The 38-year-old congressman from the Bay Area city of Dublin had languished for months near the bottom of Democratic polls. He had sought to cast himself as the candidate of a younger generation but was eclipsed by Mayor Pete Buttigieg, 37, of South Bend, Ind., and former Rep. Beto O’Rourke, 46, of Texas.
After canceling a July 4 visit to New Hampshire — the first primary state — Swalwell scheduled a news conference Monday in his East Bay district, where he announced his decision.
“Today ends our presidential campaign, but it is the beginning of an opportunity in Congress,” Swalwell said.
Swalwell reviewed his poll numbers and fundraising status after the June 27 Democratic debate and concluded his candidacy was no longer viable. “We wanted to be honest with ourselves and with our supporters,” he said.
His departure from the race could be the first of many. The Democratic National Committee has set increasingly difficult criteria for candidates to qualify for upcoming debates, which could bar a large group of them from the stage in September. Those left out will inevitably find it harder to garner the attention or raise the money they need to sustain their campaigns.
As Swalwell quit the race, Tom Steyer, a fellow Californian who seemingly ruled out a 2020 presidential run, was preparing to announce that he changed his mind.

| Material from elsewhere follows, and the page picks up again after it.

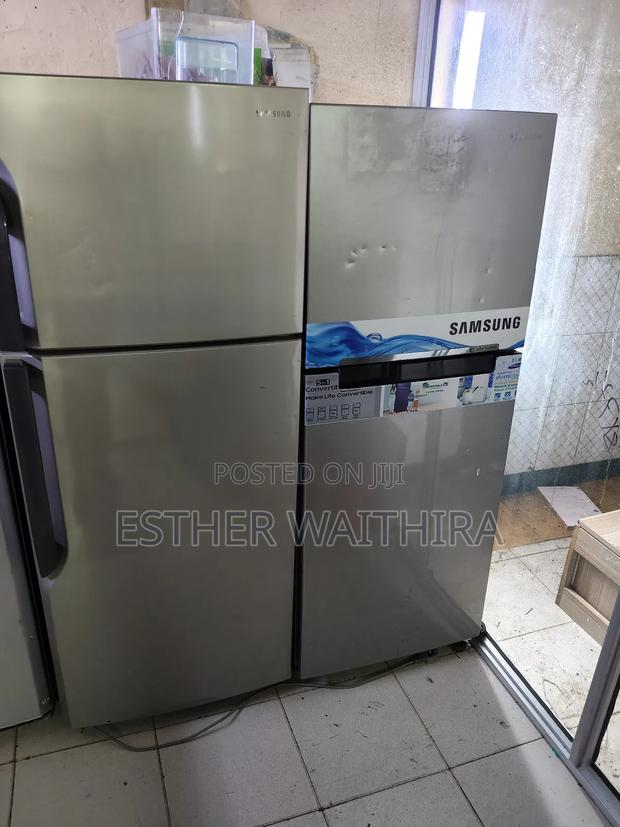 Well Maintained Inverter Frost Free Silver Fridge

The San Francisco billionaire, a former hedge fund chief, aims to enter the campaign for the Democratic nomination this week, according to a source close to Steyer. The liberal activist had announced in January that he would not pursue a White House bid, but kept the prospect faintly alive by saying he was not running “at this time.”
Swalwell had sent mixed signals on his intention to run for reelection if his presidential campaign failed. In February, before announcing his candidacy, Swalwell told the San Francisco Chronicle he would “burn the boats” and not look back on his House seat.

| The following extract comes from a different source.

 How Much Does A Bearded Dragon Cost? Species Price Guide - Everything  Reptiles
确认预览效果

“I would want people to know that I’m putting my all into this and I don’t have a life insurance policy,” he said. But more recently, Swalwell wavered in his vow to seek the presidency or bust.
The highest-profile moment of Swalwell’s run was a widely mocked attempt in the debate to cast Democratic front-runner Joe Biden as too old.
Swalwell said the former vice president, 76, “was right when he said it was time to pass the torch to a new generation of Americans 32 years ago; he is still right today.”
“I'm still holding on to that torch,” Biden replied.
But even that moment was overshadowed by California Sen. Kamala Harris confronting Biden for opposing forced school busing for racial integration in the 1970s.
Swalwell, a member of the House Intelligence and Judiciary committees, is a cable TV fixture known as a relentless critic of President Trump. The former Alameda County prosecutor sought to make gun control a central focus of the Democratic primary.
He also liked to call attention to his roots in rural Iowa, which casts the first ballots of Democrats’ presidential nominating process. Swalwell lived in Iowa until he was 5.
In 2010, he was elected to the Dublin City Council. A few months after taking office, he launched an improbable campaign to oust fellow Democrat Pete Stark from Congress after 20 terms. Swalwell succeeded and was reelected three times.
As he left the presidential race on Monday, Swalwell paraphrased a passage from the Louis L’Amour novel “Lonely on the Mountain”: “There will be a time when you believe everything is over. That will be the beginning.”